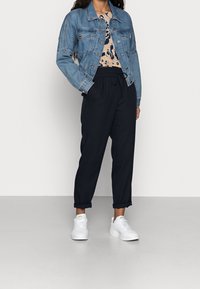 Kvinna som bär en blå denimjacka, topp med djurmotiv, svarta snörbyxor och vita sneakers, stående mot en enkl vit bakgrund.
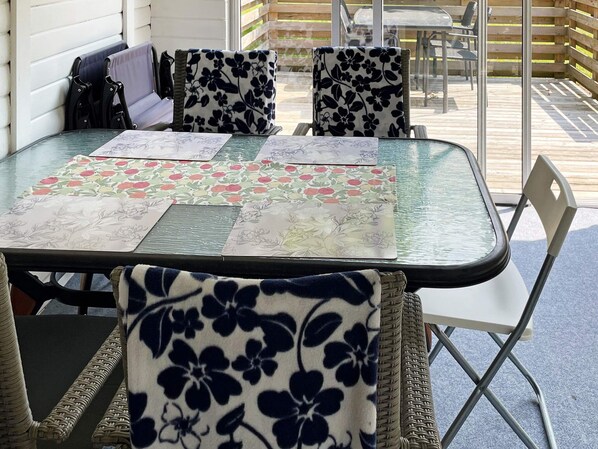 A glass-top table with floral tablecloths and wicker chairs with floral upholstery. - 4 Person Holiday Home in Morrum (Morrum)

---

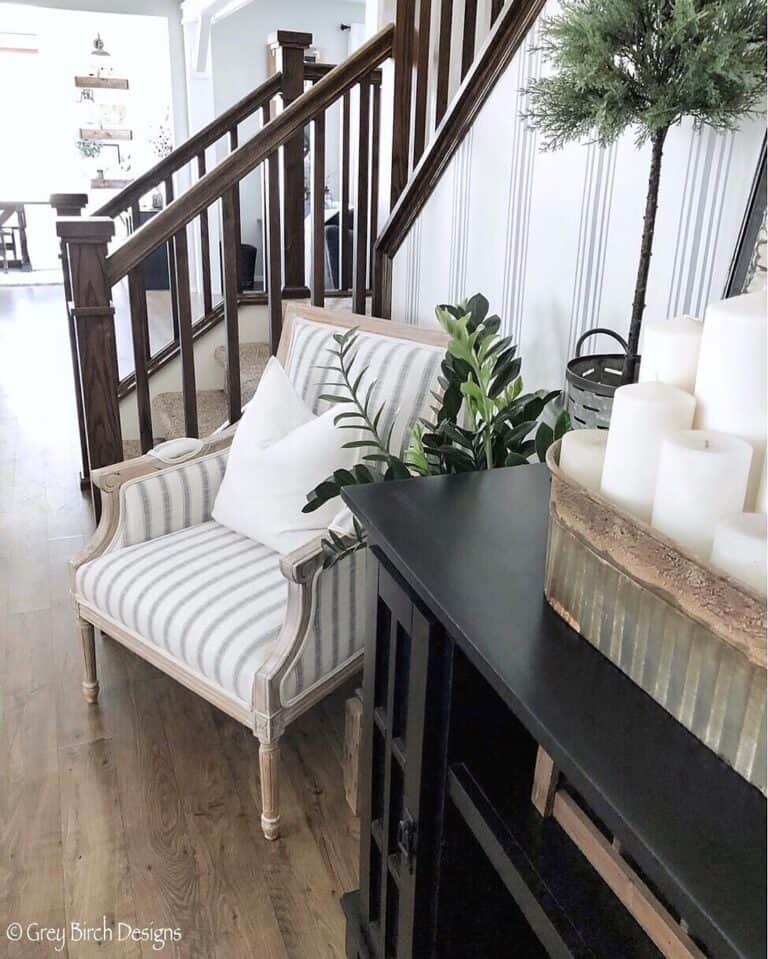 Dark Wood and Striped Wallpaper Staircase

**TASK ITEM:**
Nothing but the lines above from the line with "Kvinna som bär" up to and including the line with "A glass-top table" should be returned, exactly as written and without pictures.

**TASK ANSWER:**
 Kvinna som bär en blå denimjacka, topp med djurmotiv, svarta snörbyxor och vita sneakers, stående mot en enkl vit bakgrund.
 A glass-top table with floral tablecloths and wicker chairs with floral upholstery. - 4 Person Holiday Home in Morrum (Morrum)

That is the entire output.